Не меньше недели мы с Магдой проводим в постели – голые, пропитанные целительным лосьоном. Клара не задает вопросов. Не спрашивает, где мать и отец. Говорит сама, чтобы мы могли молчать. Говорит сама, поскольку боится услышать нашу историю. Все, о чем она рассказывает, звучит как сказка. И на самом деле это чудо. Мы вместе. Мы те, кому выпало огромное счастье. Таких, как мы, воссоединившихся, единицы. Наши дядя и тетя, мамины брат и сестра, были сброшены с моста и утоплены в Дунае; Клара говорит прямо, жестко и даже как-то бесстрастно. Сама она сумела избежать депортации и гибели, даже когда сгоняли на смерть последних оставшихся в Кошице евреев. Она пряталась в Будапеште, в доме своего профессора, под видом нееврейки.

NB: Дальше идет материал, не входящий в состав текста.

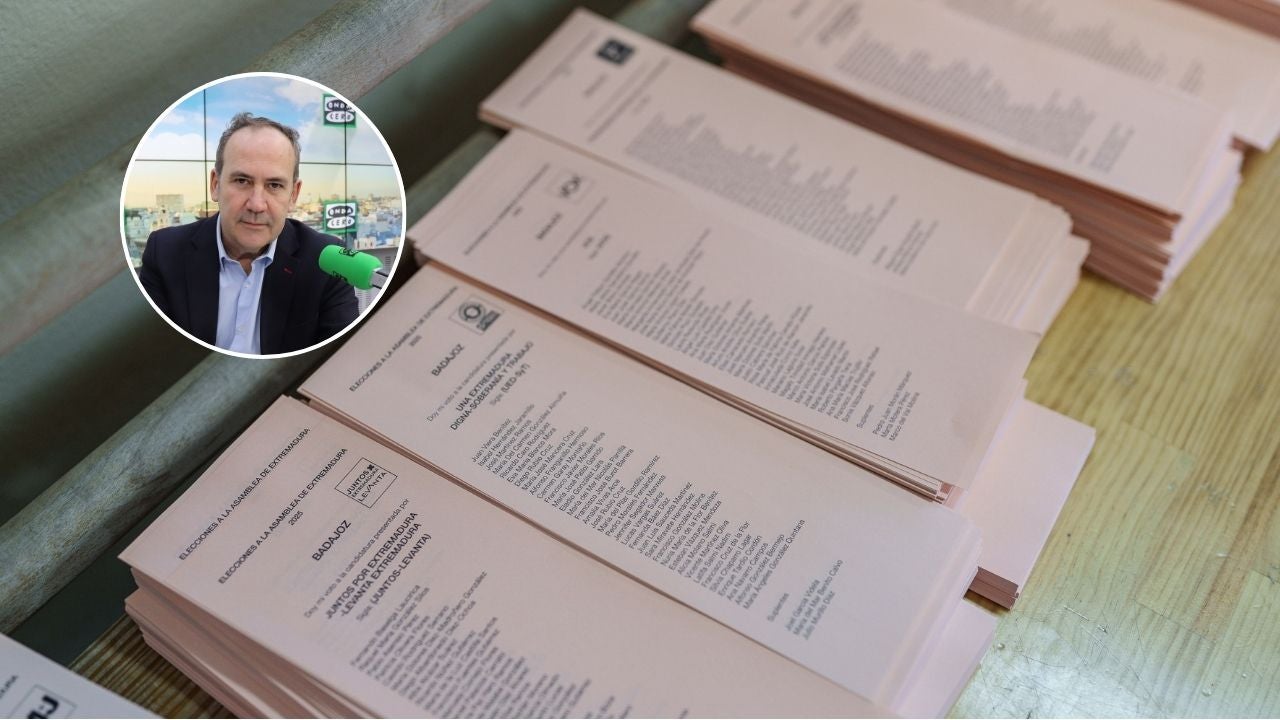 Elecciones en Extremadura: Papeletas de los distintos partidos políticos en un colegio en Plasencia Elecciones en Extremadura: Papeletas de los distintos partidos políticos en un colegio en Plasencia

– Как-то профессор сказал мне: «С завтрашнего дня начинай учить Библию, ты должна хорошо знать ее, так как пойдешь жить в женский монастырь». Это был лучший вариант убежища. Монастырь находился почти в двухстах милях от Будапешта. Я там ходила в рясе. Но однажды меня узнала девушка, с которой я училась в консерватории, и я улизнула на поезде обратно в Будапешт.
Летом Клара вдруг получила письмо от родителей. Это было то самое прощальное письмо, которое мать и отец написали ей, когда мы были на кирпичном заводе. Они рассказывали о месте, где нас держали в заключении; сообщали, что мы все вместе и в безопасности, что нас, как мы тогда думали, переводят в трудовой лагерь в Кеньермезо. Я вспоминаю, как во время отправки нас из кирпичного завода мама бросила письмо на землю, поскольку не было возможности отправить его по почте. Тогда я думала, что она обронила его из-за покорности судьбе. Но, слушая Кларину историю выживания, я увидела некоторые вещи в ином свете. Это был не жест человека, потерявшего всякую надежду. Вовсе нет, мама разжала пальцы, державшие письмо, потому что в ней еще теплилась надежда. Как бы там ни было – выбросила ли она его, будучи в отчаянии или уповая на счастливый случай, – она шла на риск. Письмо указывало прямо на мою сестру, светловолосую еврейку, прятавшуюся в Будапеште. Там был ее адрес. Пока нас, пребывающих во тьме, везли прямиком в Аушвиц, некий прохожий подобрал это письмо. Он мог открыть его и сдать Клару нилашистам. Он мог выбросить его в урну или оставить лежать на улице. Но незнакомый человек наклеил на него марку и отправил по почте Кларе в Будапешт. Случившееся для меня так же непостижимо, как явление сестры у нашего дома. В этом ощущалось что-то магическое – подтверждение, что между нами был натянут спасательный трос. Еще это свидетельствует, что в мире даже в те времена существовала доброта. Письмо нашей мамы пробилось сквозь дорожную пыль, поднятую тремя тысячами пар ног; многим из шедших предстояло превратиться в дым над Польшей. Светловолосая девочка отложила скрипку, чтобы вскрыть конверт.
Клара рассказывает еще одну историю со счастливым концом. Узнав, что нас держат на кирпичном заводе и в любой день могут отправить в Кеньермезо или еще бог весть куда, она пошла в немецкое консульство в Будапеште – требовать, чтобы ее отправили туда же, где мы. У дверей консульства швейцар сказал ей: «Девочка, уходи. Не приходи сюда больше». Она не ожидала услышать «нет». Она еще раз попыталась проникнуть в здание. Швейцар увидел ее и начал наносить удары кулаком по плечам, рукам, животу и лицу. «Выметайся отсюда», – сказал он снова.
– Он избил меня и тем самым спас мне жизнь, – говорит она нам.
Ближе к концу войны, когда русские окружили Будапешт, нацисты стали еще энергичнее очищать город от евреев.